The ground growing blacker and blacker, the air getting cooler and cooler.

The girl up front, she's slipping on a light pink hoodie. And if I hand't seen it with my very own eyes, I would have never believed it.

She pulled out a flask. I don't even know where you get a flask these days. Much less the brazen fortitude it takes to sneak one onto an air-plane, especially when it's made out of metal. Somehow, her exploiting an obvious hole in our Homelands Security makes me comfortable, and happy. The warming effect of my own drink helps, too. And despite it all, I'm smiling.

Sometimes it is those little things. Those small victories we achieve when absolutely no one is watching. When all the right people turn left, and we get the chance to sneak right and live in a different chapter of a better book. A book not everyone gets to read, because to read this book means your a lifer, whether you like it or not. You don't sample the fruit, you feed openly.

But one thing...there is absolutely no turning back.

She drinks without concern for regulations on flight safety. She drinks without regard for silly things like sobriety, livers, or taste.

I find myself drinking with her pace, and having a great time trying to keep up.

The lights are dim in the cabin, everyone else is sleeping. Dreams of flying, dreams that mean nothing, dreams that can, and will be forgotten. What a waste of what little imagination we have left.

I keep getting sympathy drinks from the flight attendant.

I keep racing a stranger that doesn't even know they are in the middle of a heated competition.
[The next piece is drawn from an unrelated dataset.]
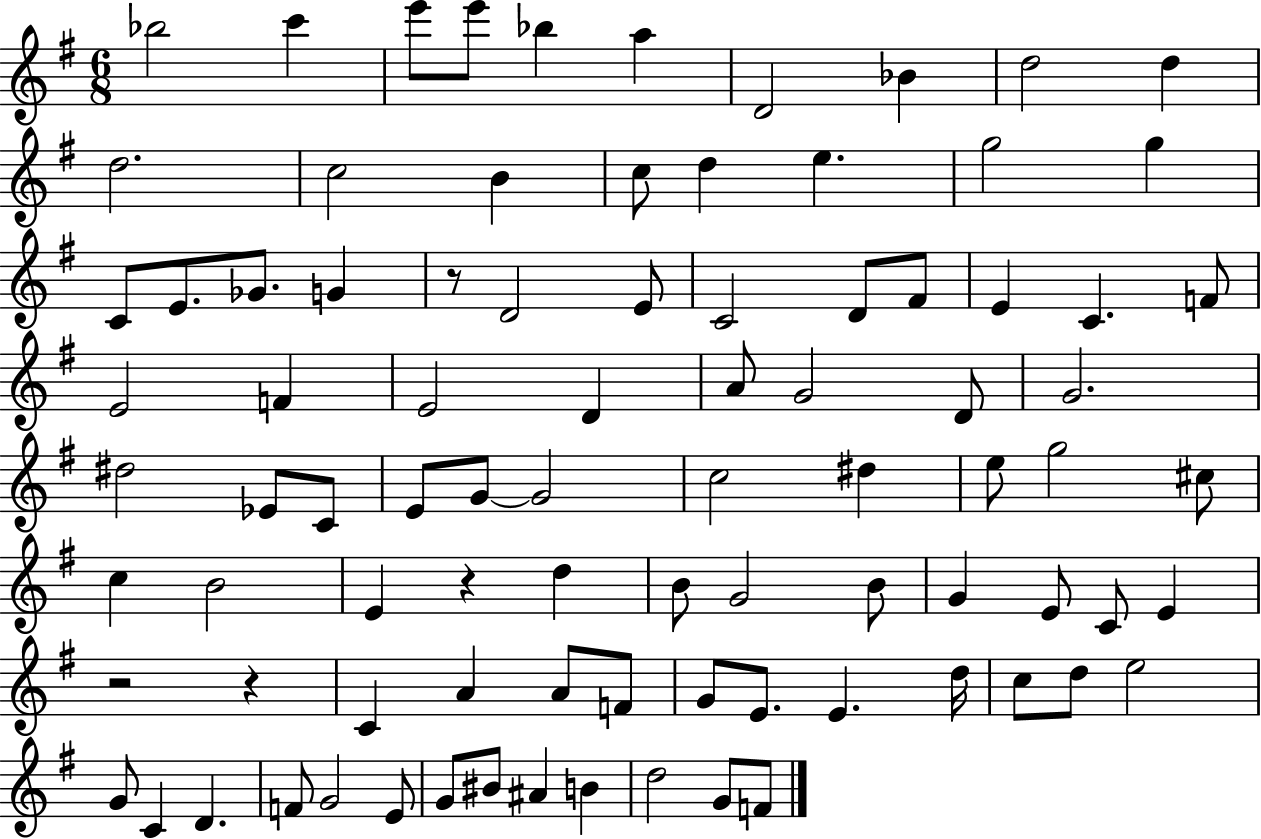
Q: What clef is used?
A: treble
There is mild turbulence, and while some of the slightly conscious grip their seats with half-awake white-knuckle fear, I relax and sink deeper into my seat.

It was 1997, and we were just kids. We'd heard the adults constantly say how we were joined at the hip. I smile with half my face. The other half knows what the other is trying to ignore. I'm a friendly-fire casualty caught in the middle of a war I once fought in, and that's fine by me.
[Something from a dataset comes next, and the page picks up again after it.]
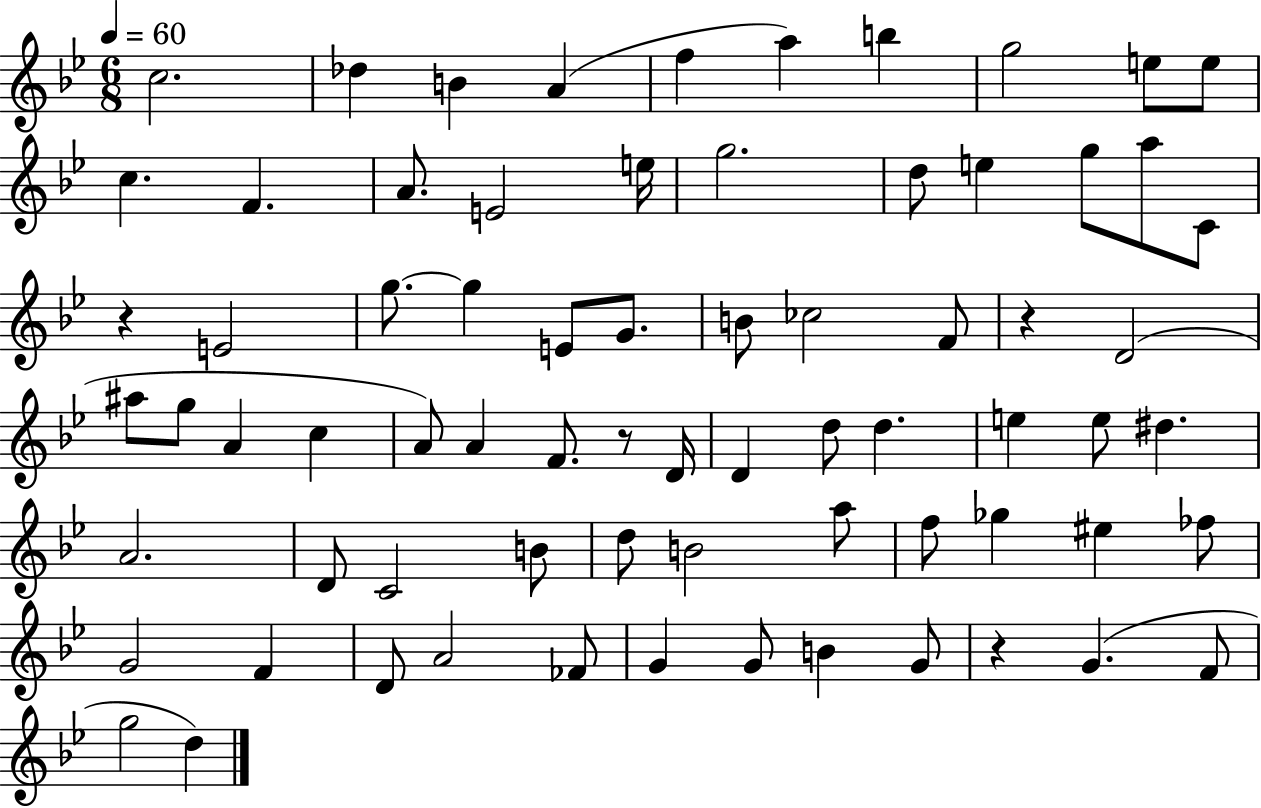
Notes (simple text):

C5/h. Db5/q B4/q A4/q F5/q A5/q B5/q G5/h E5/e E5/e C5/q. F4/q. A4/e. E4/h E5/s G5/h. D5/e E5/q G5/e A5/e C4/e R/q E4/h G5/e. G5/q E4/e G4/e. B4/e CES5/h F4/e R/q D4/h A#5/e G5/e A4/q C5/q A4/e A4/q F4/e. R/e D4/s D4/q D5/e D5/q. E5/q E5/e D#5/q. A4/h. D4/e C4/h B4/e D5/e B4/h A5/e F5/e Gb5/q EIS5/q FES5/e G4/h F4/q D4/e A4/h FES4/e G4/q G4/e B4/q G4/e R/q G4/q. F4/e G5/h D5/q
But we were just kids. I guess in a sense we still kind of are, too. We took a trip with that church group out to California because it was summer and we hated the heat we knew. It's not that we believed in Santa in the Sky. It's that we believed in getting away from our parents, and exploring each other in sleepy churches next to the beach.

We rode the Superman ride at Six Flags. The line was forever, and you knew I hated to wait. You always thought it was odd, throughout all our time spent that I'd hated waiting so much because usually I was so patient with everything.

It was hot, and I felt sticky. You smiled, and held my hand. I think you always assumed that I was kind of scared of the ride.

You assumed right.

But I was excited, too. We got to be among the first to ride that ride.

My hands gripped tight on the restraints, and I never got a chance to open my eyes; it was over before I had a chance to see it in full. It's one of my biggest regrets.

I closed my eyes with you, and gripped tight. When I opened my eyes you were gone, and my hands were stiff and sore, like it was bone on bone for so many years.

Now I can't help but lay back and let the chaos work it's wonders. See, I believe the world is coming to an end. So, if this is the rabbit hole, then I want to see how far down it goes.